Walt Whitman (May 31, 1819March 26, 1892) was an American poet, essayist, journalist, and humanist born on Long Island, New York. His most famous work is the collection of poetry, Leaves of Grass.

Life

Walt Whitman, age 37, frontispiece

Walt Whitman was born in a white farmhouse near present-day South Huntington, New York, on Long Island, New York, in 1819, the second of nine children. In 1823, the Whitman family moved to Brooklyn. Whitman attended school for only six years before starting work as a printer's apprentice. He was almost entirely self-educated, reading especially the works of Homer, Dante and Shakespeare. After a two year apprenticeship, Whitman moved to New York City and began work in various print shops. In 1835, he returned to Long Island as a country school teacher. Whitman founded and edited a newspaper, the Long-Islander, in his hometown of Huntington in 1838 and 1839. Whitman continued teaching in Long Island until 1841, when he moved back to New York City to work as a printer and journalist. He also did some freelance writing for popular magazines and made political speeches. In 1840, he worked for Martin Van Buren's presidential campaign.

For two years he edited the influential Brooklyn Eagle, but a split in the Democratic party removed Whitman from this job for his support of the Free-Soil party. Between 1841 and 1859, Whitman edited one newspaper in New Orleans (the Crescent), two in New York, and four newspapers in Long Island. The 1840s saw the first fruits of Whitman's long labor of words, with a number of short stories published, beginning in 1841, and one year later the temperance novel Franklin Evans, published in New York, and "The Child's Champion," from 1842.

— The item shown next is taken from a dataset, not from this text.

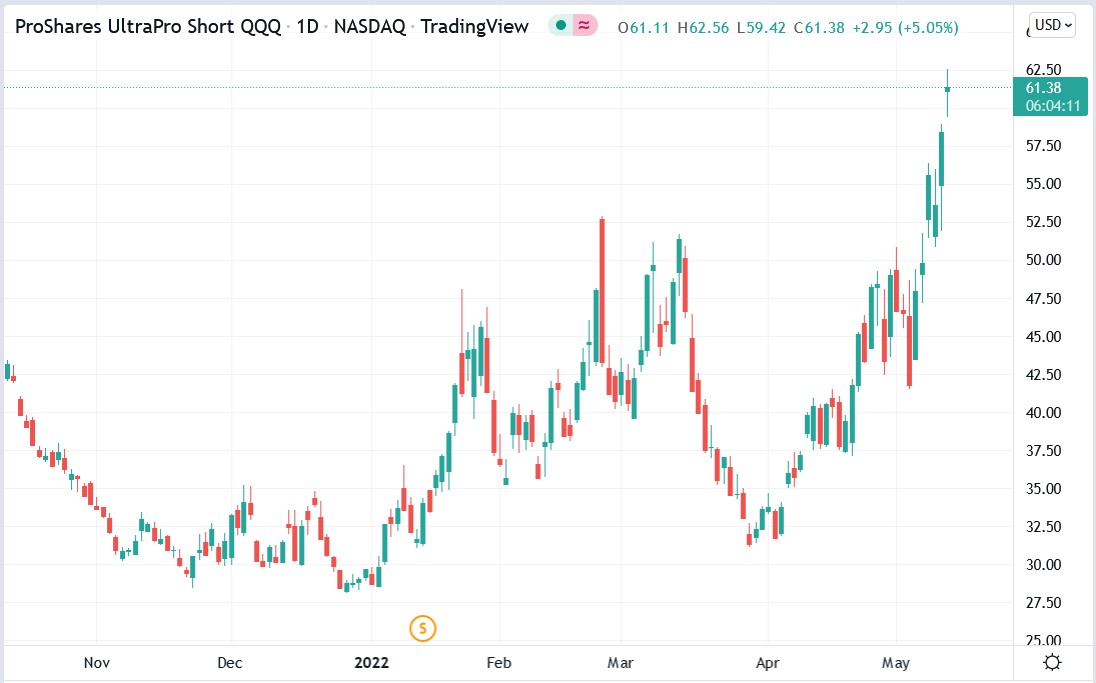 SQQQ stock price 12-05-2022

The first edition of Leaves of Grass was self-published at Whitman's expense in 1855, the same year his father died. At this point, the collection consisted of 12 long, untitled poems. Both public and critical response was muted, but positive. Writing an anonymous review of the collection, Whitman wrote "An American Poet At last!" A year later, the second edition was published, including a personal letter of congratulations from Ralph Waldo Emerson, which Whitman added without Emerson's approval. This edition contained an additional twenty poems. During the American Civil War, Whitman cared for wounded soldiers in and around Washington, D.C. He often saw Abraham Lincoln in his travels around the city, and came to greatly admire the President. Whitman's poems "O Captain! My Captain!" and "When Lilacs Last in the Dooryard Bloomed" were influenced by his profound grief after Lincoln's assassination in 1865.

After the Civil War, Walt Whitman found a job as a clerk in the U.S. Department of the Interior. However, when James Harlan, Secretary of the Interior, discovered that Whitman was the author of the "offensive" Leaves of Grass, he fired Whitman immediately. In 1877 he met a Canadian psychiatrist and author, Richard Maurice Bucke, who would become his personal physician, close friend and sanctioned literary executor. By the 1881 seventh edition of Leaves, the collection of poetry was quite large. By this time Whitman was enjoying wider recognition and the edition sold a large number of copies, allowing Whitman to purchase a home in Camden, New Jersey.

Whitman died on March 26, 1892, and was buried in Camden's Harleigh Cemetery, in a simple tomb of his own design. A dedication to Whitman is carved on the side of a rock face at Bon Echo Provincial Park in Ontario, Canada. The inscription is the following excerpt from one of his poems.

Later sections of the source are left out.